Perşembe, Kasım 08, 2018

Tayland’da Fil Bakım Merkezi

*Hem kendimize anı kalsın hem de deneyimlerimiz diğer gezginlere katkı sağlasın diye @dunyabenimmemleket instagram hesabımızda bilgi ve fotoğraf paylaşıyoruz. Biz bu seyahate hazırlanırken, sosyal medyadan çok faydalandık; isteriz ki, ihtiyacı olana bizim de faydamız olsun.*
Chiang Mai’deki ikinci günümüzde Fil Rehabilitasyon/ Bakım Merkezi’ne gittik. Turistleri fille gezdirme çok yaygın Güney Asya’da. Bu tip merkezler de, bu filleri kurtarıp bakım veren ve yine böyle turistlerle maddi destek sağlayan kurumlar. Bir gün önceden turu ayarlamıştık kaldığımız hostel aracılığıyla. Kişi başı 1500Baht (50USD) ödedik; bu tip etkinlikler biraz pahalı maalesef. Bizimki yarım günlük turdu, öğlen 12:30’da bir küçük kamyonet hostelden bizi aldı, bizden sonra iki hostele daha uğradı ve toplam 5 kişi olduk. Muhteşem doğa manzaralarından geçerek 1.5 saat sonra Bamboo Elephant Family Care’e ulaştık. Burada 6 kişilik bir fil ailesi yaşıyordu. İlk defa bu kadar yakından ve serbestçe dolaşan fişler görmek çok heyecan vericiydi. Fillerin en iyi gördüğü renk kırmızı olduğundan, hepimize kırmızı üstler giydirildi. İlk önce padthai, meyve ve sudan oluşan öğle yemeği ikram edildi ve tam gün tura katılan grup beklendi. Onlar 8’de yola çıkmış ve öğlene kadar treking ve rafting yapmış. Grup tamamlanınca sıra fillerin karnını doyurmaya geldi. İki sele dolusu muzu onlara yedirmeden önce fillerin yaşamı hakkında genel bilgilendirme yapıldı ve ne dersek bakacağı, ne dersek ağzını açacağı vs öğretildi. Filleri muzla besledikten sonra bambu toplayıp biraz da bambu dalları ile besledik. Ve çok yedikleri için rahatsız oluyorlarmış, hazmı kolaylaştırıcı ilaç hazırladık doğal malzemelerle ve onları yedirdik. Sonra hep beraber tepeye esas yaşadıkları yere çıktık. O dev cüsseleriyle nasıl mahirdiler tırmanmakta, şaştık kaldık. Her ne kadar bir arada yaşasalar da, her birinin kendine özel bir alanı varmış. Mesela bebek olanın oyun parkı vardı ve ağaç dallarıyla yaptığı oyunları izlemeye doyamadık. Sonra hep beraber tekrar aşağı iniyorduk ki, büyükanne fil aniden durdu, meğer bebek yukarıda kalmış. Arkamızı dönmemizle koşarak inen bebek fili gördük ve yolu açmak için kendimizi hemen kenara attık. Aşağıda filler dereye girdi ve isteyenler beraber suya girip filleri yıkayıp fırçaladı. 
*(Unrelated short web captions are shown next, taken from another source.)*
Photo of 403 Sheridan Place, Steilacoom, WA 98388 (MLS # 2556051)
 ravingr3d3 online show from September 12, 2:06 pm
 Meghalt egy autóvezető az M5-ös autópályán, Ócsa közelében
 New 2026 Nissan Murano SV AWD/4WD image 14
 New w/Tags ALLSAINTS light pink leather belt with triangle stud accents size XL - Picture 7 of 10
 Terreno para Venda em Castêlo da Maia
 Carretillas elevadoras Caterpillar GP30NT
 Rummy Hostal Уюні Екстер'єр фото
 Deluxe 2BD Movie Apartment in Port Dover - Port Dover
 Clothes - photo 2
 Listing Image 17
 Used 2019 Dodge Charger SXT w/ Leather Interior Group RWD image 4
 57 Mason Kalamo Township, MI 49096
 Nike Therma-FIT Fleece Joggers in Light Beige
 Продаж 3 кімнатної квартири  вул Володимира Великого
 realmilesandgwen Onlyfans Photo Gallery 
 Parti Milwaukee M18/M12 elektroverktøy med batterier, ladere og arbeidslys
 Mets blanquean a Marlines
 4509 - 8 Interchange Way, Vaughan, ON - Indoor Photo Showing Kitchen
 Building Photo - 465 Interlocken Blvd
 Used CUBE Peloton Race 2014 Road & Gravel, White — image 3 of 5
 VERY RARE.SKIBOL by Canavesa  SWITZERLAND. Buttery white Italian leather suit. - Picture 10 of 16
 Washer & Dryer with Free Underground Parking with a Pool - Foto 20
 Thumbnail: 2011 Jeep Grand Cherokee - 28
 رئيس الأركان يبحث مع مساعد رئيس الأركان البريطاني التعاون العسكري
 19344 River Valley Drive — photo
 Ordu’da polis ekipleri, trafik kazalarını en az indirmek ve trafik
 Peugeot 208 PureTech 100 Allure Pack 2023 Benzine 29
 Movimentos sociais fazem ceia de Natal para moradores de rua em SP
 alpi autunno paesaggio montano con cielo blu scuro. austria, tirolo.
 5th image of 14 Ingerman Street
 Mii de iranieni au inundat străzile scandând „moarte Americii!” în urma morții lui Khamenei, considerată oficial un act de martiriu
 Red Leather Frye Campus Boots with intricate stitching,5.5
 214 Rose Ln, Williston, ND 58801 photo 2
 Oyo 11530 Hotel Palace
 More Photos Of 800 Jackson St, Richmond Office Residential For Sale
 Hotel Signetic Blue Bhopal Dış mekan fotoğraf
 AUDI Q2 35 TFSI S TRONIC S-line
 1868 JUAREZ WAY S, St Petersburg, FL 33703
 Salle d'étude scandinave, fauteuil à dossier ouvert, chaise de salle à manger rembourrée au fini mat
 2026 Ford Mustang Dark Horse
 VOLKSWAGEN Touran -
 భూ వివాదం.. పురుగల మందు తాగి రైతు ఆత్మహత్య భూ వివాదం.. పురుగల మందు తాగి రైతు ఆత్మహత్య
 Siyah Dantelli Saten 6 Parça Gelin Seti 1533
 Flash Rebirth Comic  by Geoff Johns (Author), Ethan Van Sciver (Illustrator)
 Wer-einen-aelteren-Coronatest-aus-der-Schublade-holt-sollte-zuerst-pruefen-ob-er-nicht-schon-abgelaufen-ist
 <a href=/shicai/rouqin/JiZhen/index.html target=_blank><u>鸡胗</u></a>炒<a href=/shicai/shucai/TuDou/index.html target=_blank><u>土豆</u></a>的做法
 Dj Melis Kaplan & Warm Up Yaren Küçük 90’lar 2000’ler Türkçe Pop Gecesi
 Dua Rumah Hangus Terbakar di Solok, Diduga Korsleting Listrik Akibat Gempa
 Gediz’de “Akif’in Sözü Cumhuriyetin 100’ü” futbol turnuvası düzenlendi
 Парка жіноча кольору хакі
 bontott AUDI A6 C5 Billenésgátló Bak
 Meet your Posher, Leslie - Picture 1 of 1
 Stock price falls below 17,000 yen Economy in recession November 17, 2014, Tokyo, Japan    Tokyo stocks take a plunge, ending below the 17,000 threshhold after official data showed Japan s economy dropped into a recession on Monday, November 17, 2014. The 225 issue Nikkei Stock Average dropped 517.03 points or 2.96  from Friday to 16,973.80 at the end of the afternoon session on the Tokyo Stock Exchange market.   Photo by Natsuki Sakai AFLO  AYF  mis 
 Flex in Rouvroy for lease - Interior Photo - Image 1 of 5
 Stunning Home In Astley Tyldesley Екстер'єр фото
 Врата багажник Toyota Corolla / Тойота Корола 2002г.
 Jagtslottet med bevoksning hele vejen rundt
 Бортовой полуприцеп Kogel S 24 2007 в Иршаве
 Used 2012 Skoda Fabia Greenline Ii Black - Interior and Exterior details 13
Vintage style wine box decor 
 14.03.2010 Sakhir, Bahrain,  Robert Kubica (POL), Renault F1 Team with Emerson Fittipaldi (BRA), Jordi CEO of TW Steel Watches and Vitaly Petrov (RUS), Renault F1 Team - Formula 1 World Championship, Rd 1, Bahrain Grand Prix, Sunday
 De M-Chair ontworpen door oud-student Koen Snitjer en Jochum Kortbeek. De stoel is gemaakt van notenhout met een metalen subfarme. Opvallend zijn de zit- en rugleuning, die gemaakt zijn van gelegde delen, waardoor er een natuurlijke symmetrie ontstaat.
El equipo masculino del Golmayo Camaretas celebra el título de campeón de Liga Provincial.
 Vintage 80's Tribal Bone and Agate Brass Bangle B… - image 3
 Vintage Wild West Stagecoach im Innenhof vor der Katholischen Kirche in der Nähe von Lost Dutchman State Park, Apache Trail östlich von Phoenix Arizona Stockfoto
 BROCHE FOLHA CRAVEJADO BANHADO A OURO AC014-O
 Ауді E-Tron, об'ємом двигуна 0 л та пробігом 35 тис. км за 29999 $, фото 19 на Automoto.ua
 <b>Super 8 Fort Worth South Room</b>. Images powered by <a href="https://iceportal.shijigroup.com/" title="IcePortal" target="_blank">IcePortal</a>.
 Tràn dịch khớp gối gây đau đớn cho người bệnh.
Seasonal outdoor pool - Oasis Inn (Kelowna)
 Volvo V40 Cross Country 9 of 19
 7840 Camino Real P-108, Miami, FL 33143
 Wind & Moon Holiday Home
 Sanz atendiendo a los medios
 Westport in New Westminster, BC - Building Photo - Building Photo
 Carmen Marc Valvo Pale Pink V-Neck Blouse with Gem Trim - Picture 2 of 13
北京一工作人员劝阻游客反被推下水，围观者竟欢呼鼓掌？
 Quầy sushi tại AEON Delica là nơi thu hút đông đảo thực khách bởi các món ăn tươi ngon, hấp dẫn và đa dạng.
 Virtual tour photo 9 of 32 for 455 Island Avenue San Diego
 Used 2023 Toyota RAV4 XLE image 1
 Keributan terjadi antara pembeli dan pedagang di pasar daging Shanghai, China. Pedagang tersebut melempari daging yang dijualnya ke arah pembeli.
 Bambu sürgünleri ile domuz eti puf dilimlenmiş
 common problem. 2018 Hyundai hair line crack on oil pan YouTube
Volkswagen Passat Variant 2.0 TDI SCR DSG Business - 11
Son derece sakin hayvanlar olan bu sevimli devlerin yaşamına bu kadar yakından dahil olmak unutamayacağımız bir deneyim oldu.

Tayland- Chiang Mai

*Hem kendimize anı kalsın hem de deneyimlerimiz diğer gezginlere katkı sağlasın diye @dunyabenimmemleket instagram hesabımızda bilgi ve fotoğraf paylaşıyoruz. Biz bu seyahate hazırlanırken, sosyal medyadan çok faydalandık; isteriz ki, ihtiyacı olana bizim de faydamız olsun.*
Tayland’daki 6.günümüzün gecesini trende geçirdik. Metro ile çok rahat ulaşılan Hua Lamphong Tren Garı’ndan 22.00’de kalkması gerekirken yarım saat rötarla başladık yolculuğumuza. Burada trenler rötarlarıyla meşhurmuş. Bizim yerimiz ikinci sınıftı (klima değil vantilatör vardı), iki kişilik koltuklar genişti. Bileti bir gün önce aldığımız için yataklı vagonda yer bulamamıştık. Trende restoran vardı ve ayrıca her istasyonda yemek ve kahve satıcıları binip ihtiyaçları karşılıyordu. Tuvalet temizdi, ama vagonlarda gezen böcekler vardı maalesef... Sabahın ilk ışıklarıyla beraber, geçtiğimiz yerlerin güzelliğini anlamaya başladık. Muhteşem doğanın içinden geçiyor, çok güzel istasyonlarda duruyorduk.   Yolculuğun sabahtan 12.30’a kadar süren gündüz kısmı şahaneydi.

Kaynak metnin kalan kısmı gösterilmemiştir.